**WHAT YOU WILL DO:** Write every record below out exactly; no images.

**INFORMATION SHOWN:**
↓

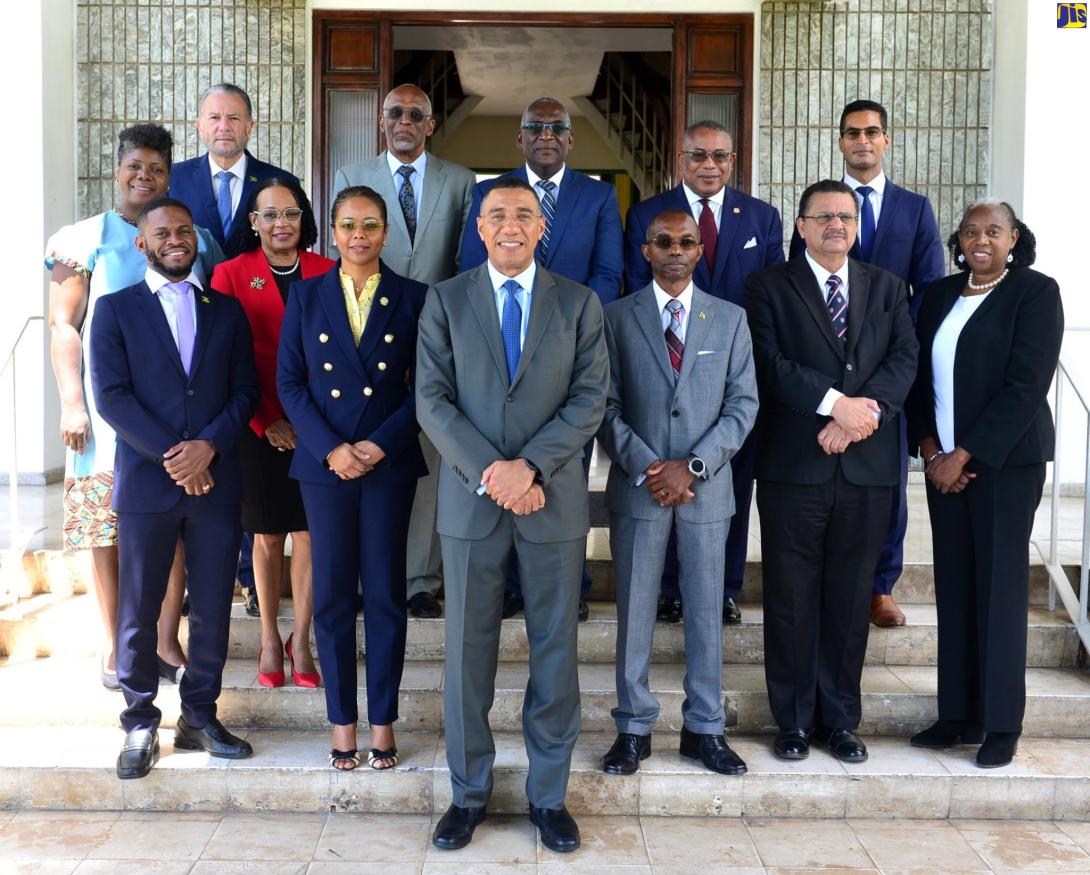 Constitutional Reform Committee with Prime Minister Andrew Holness. Photo by Jamaica Information Service.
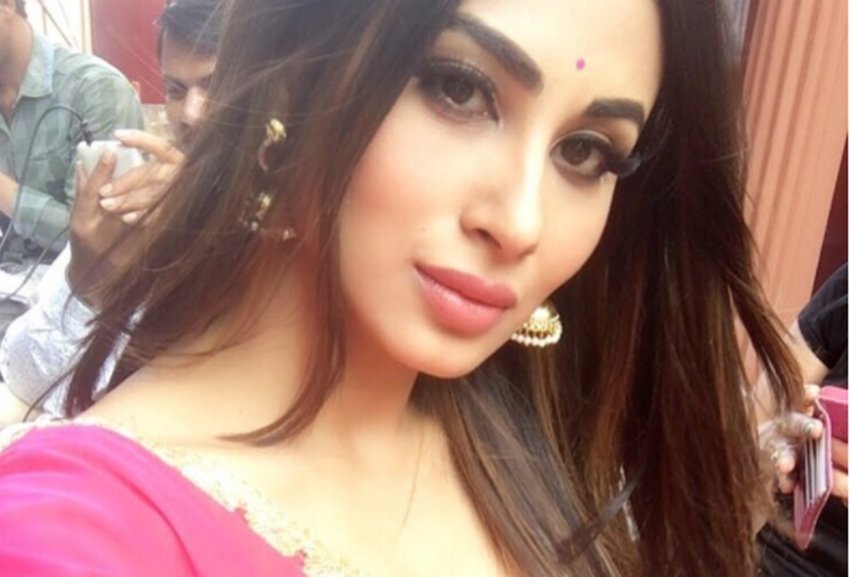 Mouni Roy Photos, Mouni Roy HD Photos, Mouni Roy Pics, Mouni Roy HD Wallpapers, Mouni Roy Instagram, Mouni Roy Naagin, Devo ke Dev Mahadev Mouni Roy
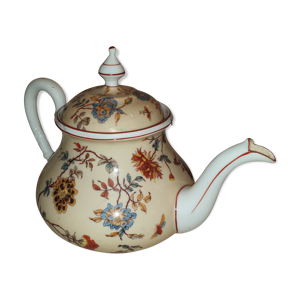 Théière ancienne en porcelaine
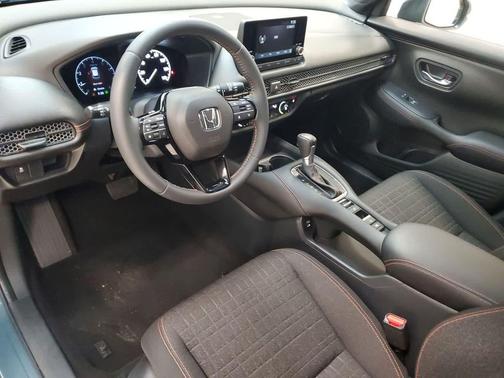 2025 Honda HR-V 2WD Sport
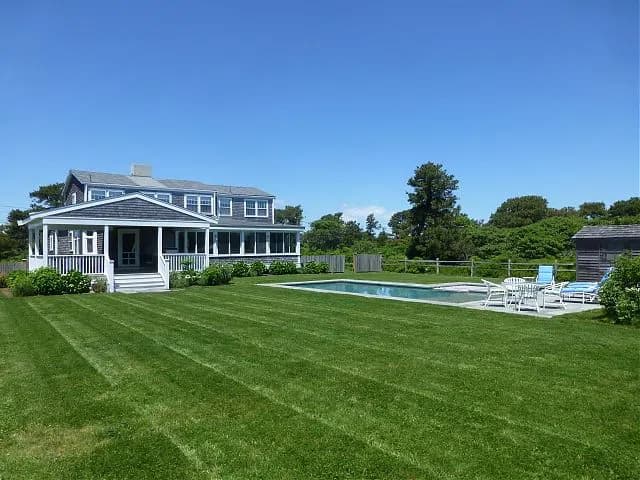 rental property in 144 Surfside Road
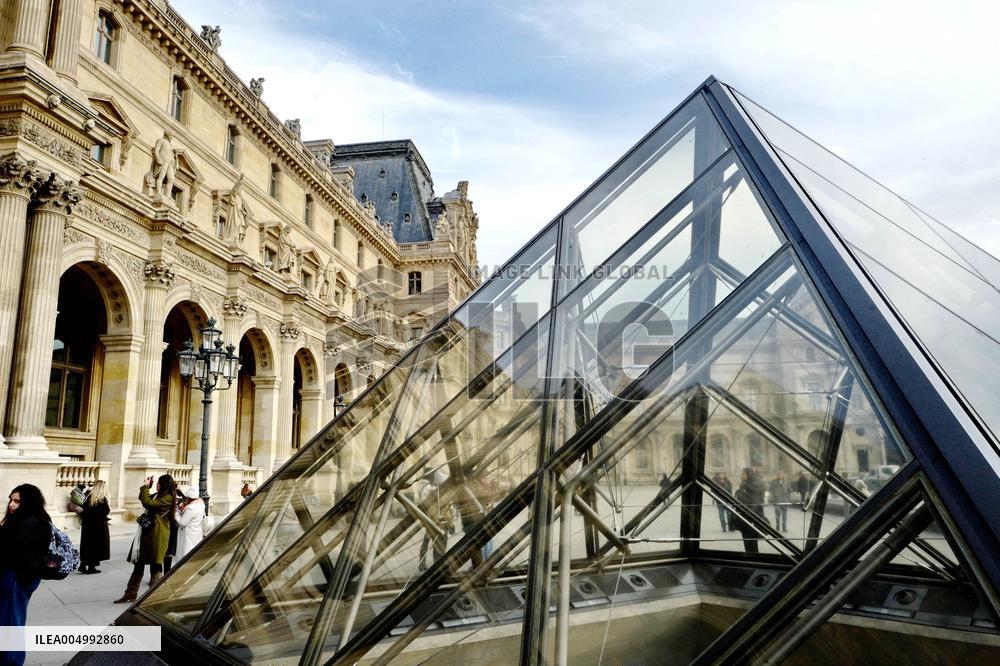 Illustrations - Louvre Museum - Paris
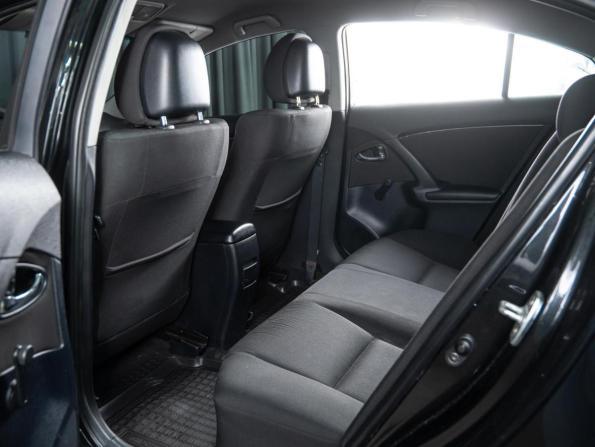 Toyota Avensis III с пробегом 2010 года, цена 925 000 рублей, 197385 км, седан, Автокод Объявления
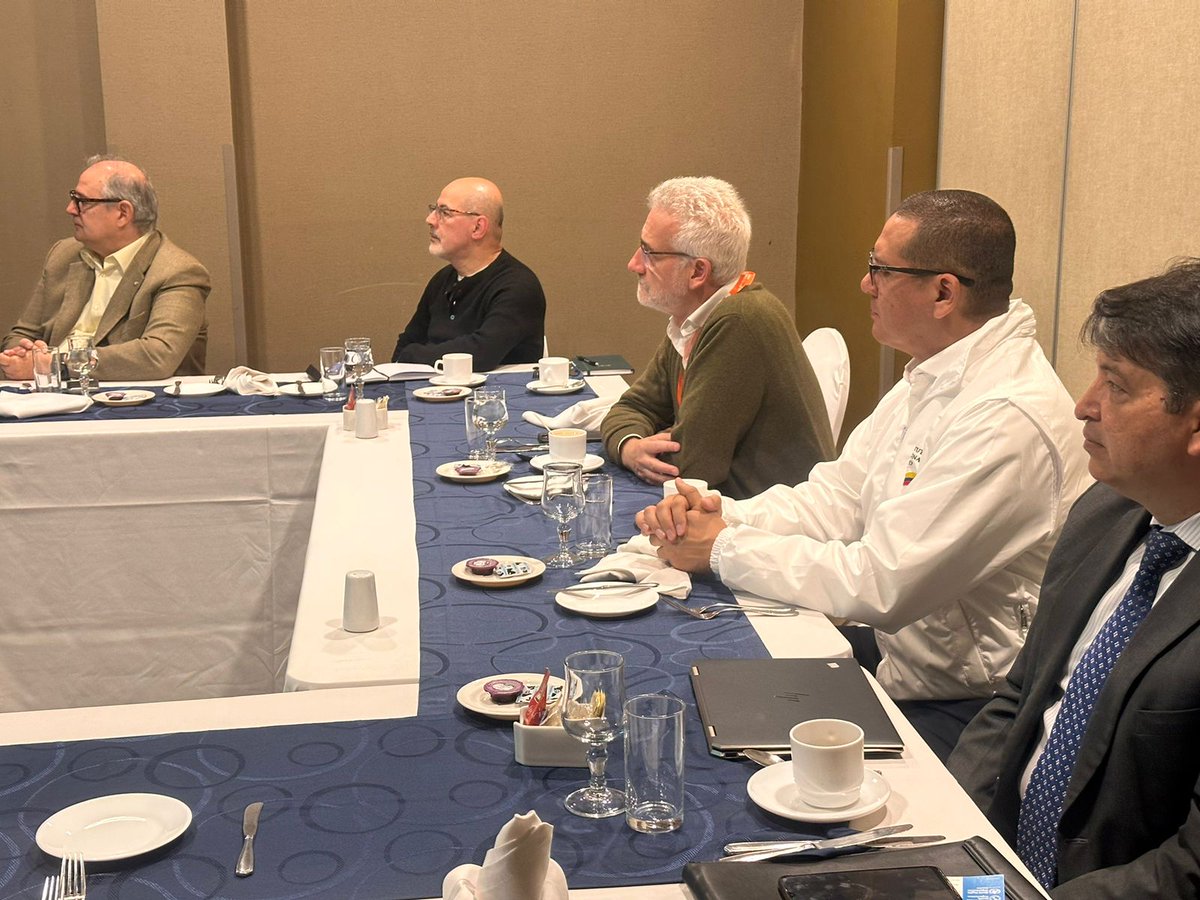 #INSTeCuenta Nuestro director, <a href="/giovannyrubiano/">Giovanny Rubiano MD</a>,  se reunió con Silvain Aldighieri, director de Prevención, Control y Eliminación <a href="/pahowho/">PAHO/WHO</a> y su equipo, para apoyar los procesos de vigilancia en el marco de la iniciativa de eliminación de enfermedades 2030.paho.org/es/iniciativa-…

↑

**TASK OUTPUT:**
 Constitutional Reform Committee with Prime Minister Andrew Holness. Photo by Jamaica Information Service.
 Mouni Roy Photos, Mouni Roy HD Photos, Mouni Roy Pics, Mouni Roy HD Wallpapers, Mouni Roy Instagram, Mouni Roy Naagin, Devo ke Dev Mahadev Mouni Roy
 Théière ancienne en porcelaine
 2025 Honda HR-V 2WD Sport
 rental property in 144 Surfside Road
 Illustrations - Louvre Museum - Paris
 Toyota Avensis III с пробегом 2010 года, цена 925 000 рублей, 197385 км, седан, Автокод Объявления
 #INSTeCuenta Nuestro director, <a href="/giovannyrubiano/">Giovanny Rubiano MD</a>,  se reunió con Silvain Aldighieri, director de Prevención, Control y Eliminación <a href="/pahowho/">PAHO/WHO</a> y su equipo, para apoyar los procesos de vigilancia en el marco de la iniciativa de eliminación de enfermedades 2030.paho.org/es/iniciativa-…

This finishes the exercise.